Print the listing below again, exactly. Skip the pictures.

(Data provided begins)

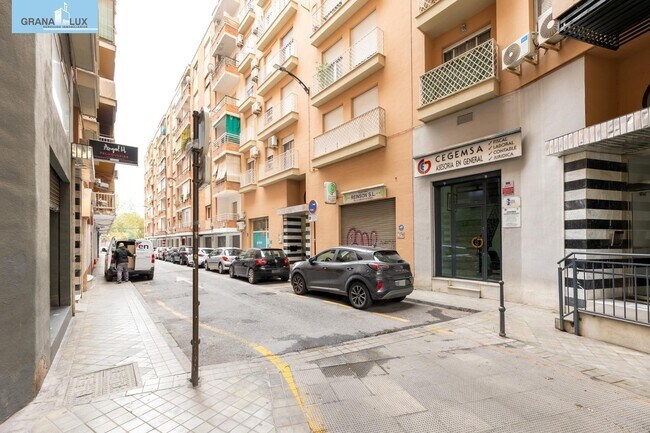 Más detalles de Calle Nazaríes, Granada - Local en venta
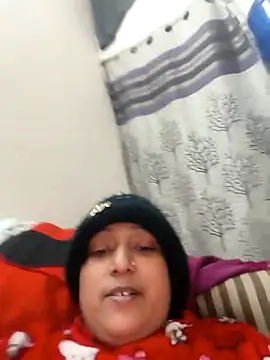 Webcam Model (Hot-Sana2) is live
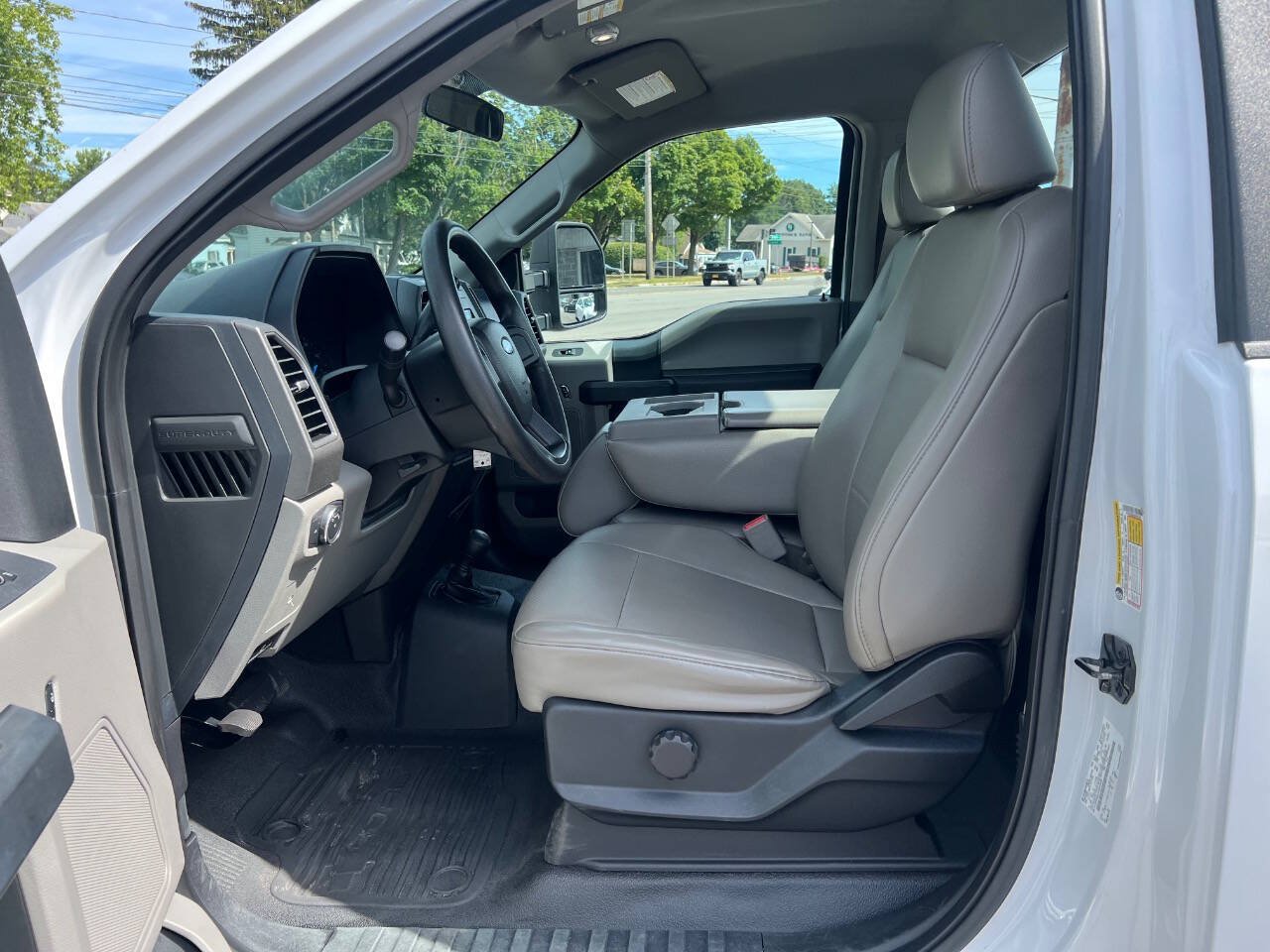 Used 2017 Ford F350 XL AWD/4WD image 9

(Data provided ends)

§ **Task solution**:
 Más detalles de Calle Nazaríes, Granada - Local en venta
 Webcam Model (Hot-Sana2) is live
 Used 2017 Ford F350 XL AWD/4WD image 9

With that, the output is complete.